Vol verwachting en bewondering zet ik zo mijn eerste voorzichtige stappen in het atelier van schrijver en illustrator Annet Schaap. Haar werkplek, waar zij bijna elke middag werkzaam is, ligt aan de rand van het centrum van Utrecht. Eromheen lopend is er weinig bijzonders aan het gebouw op te merken. Het is een groot pand met allerlei kantoortjes aan een druk straatje, tegenover een gevangenis, naast een parkeergarage. Een van de kantoortjes is van haar.

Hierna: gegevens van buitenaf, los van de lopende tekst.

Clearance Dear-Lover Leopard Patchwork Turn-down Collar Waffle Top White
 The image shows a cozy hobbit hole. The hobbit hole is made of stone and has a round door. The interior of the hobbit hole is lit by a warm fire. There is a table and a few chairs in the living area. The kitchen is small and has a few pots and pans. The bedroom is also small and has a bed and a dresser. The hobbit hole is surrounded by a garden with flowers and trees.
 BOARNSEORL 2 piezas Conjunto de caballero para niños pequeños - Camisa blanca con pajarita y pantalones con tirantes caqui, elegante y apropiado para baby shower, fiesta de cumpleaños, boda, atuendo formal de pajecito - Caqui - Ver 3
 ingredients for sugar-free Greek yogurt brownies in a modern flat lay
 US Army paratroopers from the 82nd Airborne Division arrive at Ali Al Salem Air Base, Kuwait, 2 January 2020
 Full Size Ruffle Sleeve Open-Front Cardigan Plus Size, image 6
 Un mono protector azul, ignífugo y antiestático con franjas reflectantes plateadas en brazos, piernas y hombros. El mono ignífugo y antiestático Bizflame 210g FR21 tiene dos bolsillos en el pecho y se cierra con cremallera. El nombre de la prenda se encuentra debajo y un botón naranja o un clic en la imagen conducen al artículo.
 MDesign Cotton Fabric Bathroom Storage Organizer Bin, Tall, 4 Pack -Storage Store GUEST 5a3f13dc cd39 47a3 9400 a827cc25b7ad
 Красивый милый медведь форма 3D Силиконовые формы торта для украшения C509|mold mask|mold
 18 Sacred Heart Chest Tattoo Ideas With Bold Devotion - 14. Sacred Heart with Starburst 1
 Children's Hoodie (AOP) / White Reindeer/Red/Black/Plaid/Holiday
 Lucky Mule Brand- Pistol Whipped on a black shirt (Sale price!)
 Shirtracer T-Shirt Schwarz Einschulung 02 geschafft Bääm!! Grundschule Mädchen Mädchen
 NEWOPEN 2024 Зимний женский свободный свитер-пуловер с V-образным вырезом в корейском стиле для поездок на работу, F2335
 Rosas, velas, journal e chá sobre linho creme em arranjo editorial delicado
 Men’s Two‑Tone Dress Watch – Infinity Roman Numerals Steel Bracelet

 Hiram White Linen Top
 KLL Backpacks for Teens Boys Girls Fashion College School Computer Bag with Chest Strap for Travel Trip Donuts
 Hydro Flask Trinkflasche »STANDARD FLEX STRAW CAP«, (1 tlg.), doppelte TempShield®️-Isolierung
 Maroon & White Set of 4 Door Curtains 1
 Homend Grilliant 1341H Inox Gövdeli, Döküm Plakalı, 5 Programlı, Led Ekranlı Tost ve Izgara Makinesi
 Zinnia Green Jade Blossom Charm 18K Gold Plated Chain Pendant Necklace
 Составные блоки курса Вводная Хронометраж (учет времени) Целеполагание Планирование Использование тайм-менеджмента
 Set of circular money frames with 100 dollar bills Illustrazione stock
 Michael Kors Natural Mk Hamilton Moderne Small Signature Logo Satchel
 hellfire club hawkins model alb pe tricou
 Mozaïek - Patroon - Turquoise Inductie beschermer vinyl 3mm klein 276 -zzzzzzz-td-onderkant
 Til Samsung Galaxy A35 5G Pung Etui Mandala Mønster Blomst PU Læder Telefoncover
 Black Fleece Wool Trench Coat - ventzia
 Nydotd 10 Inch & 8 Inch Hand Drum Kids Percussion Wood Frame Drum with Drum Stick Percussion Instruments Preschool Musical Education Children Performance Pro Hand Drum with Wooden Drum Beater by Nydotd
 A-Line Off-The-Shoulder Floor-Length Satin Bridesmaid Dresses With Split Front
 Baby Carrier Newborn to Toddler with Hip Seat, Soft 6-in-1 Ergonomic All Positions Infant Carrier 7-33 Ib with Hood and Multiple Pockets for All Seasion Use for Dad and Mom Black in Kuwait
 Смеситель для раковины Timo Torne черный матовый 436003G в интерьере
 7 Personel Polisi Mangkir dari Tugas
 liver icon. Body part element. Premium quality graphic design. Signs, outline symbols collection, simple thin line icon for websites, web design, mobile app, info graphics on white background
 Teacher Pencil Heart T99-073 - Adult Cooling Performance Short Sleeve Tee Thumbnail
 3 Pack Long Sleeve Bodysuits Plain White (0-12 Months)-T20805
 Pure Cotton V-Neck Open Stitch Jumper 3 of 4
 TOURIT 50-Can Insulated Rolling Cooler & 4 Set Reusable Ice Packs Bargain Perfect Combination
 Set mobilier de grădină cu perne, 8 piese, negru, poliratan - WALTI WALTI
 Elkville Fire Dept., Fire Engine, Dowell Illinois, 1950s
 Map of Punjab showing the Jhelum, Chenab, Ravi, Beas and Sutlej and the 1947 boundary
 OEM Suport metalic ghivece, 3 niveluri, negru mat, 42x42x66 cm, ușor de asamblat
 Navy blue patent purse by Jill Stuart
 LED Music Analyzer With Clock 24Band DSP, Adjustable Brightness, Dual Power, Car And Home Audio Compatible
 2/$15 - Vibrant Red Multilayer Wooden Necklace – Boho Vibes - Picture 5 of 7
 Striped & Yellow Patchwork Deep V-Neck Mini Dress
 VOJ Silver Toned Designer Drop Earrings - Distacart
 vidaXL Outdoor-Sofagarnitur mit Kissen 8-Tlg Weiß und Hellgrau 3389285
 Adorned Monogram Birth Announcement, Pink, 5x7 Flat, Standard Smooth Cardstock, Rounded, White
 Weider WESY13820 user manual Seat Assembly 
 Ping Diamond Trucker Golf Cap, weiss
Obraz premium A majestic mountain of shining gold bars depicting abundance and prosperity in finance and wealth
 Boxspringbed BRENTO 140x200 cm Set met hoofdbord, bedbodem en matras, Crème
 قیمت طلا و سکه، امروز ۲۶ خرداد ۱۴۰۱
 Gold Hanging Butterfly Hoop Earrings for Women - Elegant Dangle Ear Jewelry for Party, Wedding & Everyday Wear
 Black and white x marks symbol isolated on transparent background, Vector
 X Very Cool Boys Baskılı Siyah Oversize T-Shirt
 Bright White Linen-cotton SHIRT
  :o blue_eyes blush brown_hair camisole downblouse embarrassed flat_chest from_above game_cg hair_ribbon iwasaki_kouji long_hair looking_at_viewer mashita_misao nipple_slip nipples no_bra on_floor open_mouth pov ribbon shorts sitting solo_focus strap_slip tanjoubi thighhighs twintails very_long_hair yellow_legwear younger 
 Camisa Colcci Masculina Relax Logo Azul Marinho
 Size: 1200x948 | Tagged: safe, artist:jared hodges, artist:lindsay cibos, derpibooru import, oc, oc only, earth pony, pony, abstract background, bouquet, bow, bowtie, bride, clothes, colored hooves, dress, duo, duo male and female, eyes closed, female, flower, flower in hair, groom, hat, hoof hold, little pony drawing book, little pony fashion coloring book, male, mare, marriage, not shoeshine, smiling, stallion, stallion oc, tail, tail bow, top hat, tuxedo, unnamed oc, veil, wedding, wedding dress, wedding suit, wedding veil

Annet Schaap is een van de Grande Dames van de jeugdliteratuur in al haar uitingsvormen
Maar binnen heeft het alles wat een schatkamer voor verhalenliefhebbers moet hebben. Zoals tientallen grote, licht vergeelde schrijfboeken waarin de basis van Schaaps jeugdromans werd opgeschreven. (Zeven boeken voor Lampje en tweeëndertig (!) voor Krekel.) Aan de muur veel grote en kleine lijstjes met daarin getekende schetsjes, flinke schilderijen, foto’s, grapjes. Een schildersezel. In het midden van de kamer een robuuste, verweerde tafel waaraan geschreven, geïllustreerd, gedicht en gerepeteerd kan worden. Want dat alles doet Schaap: ze illustreerde meer dan tweehonderd boeken, waaronder de Hoe overleef ik-serie van Francine Oomen en de door Jacques Vriens geschreven verhalen over Meester Jaap.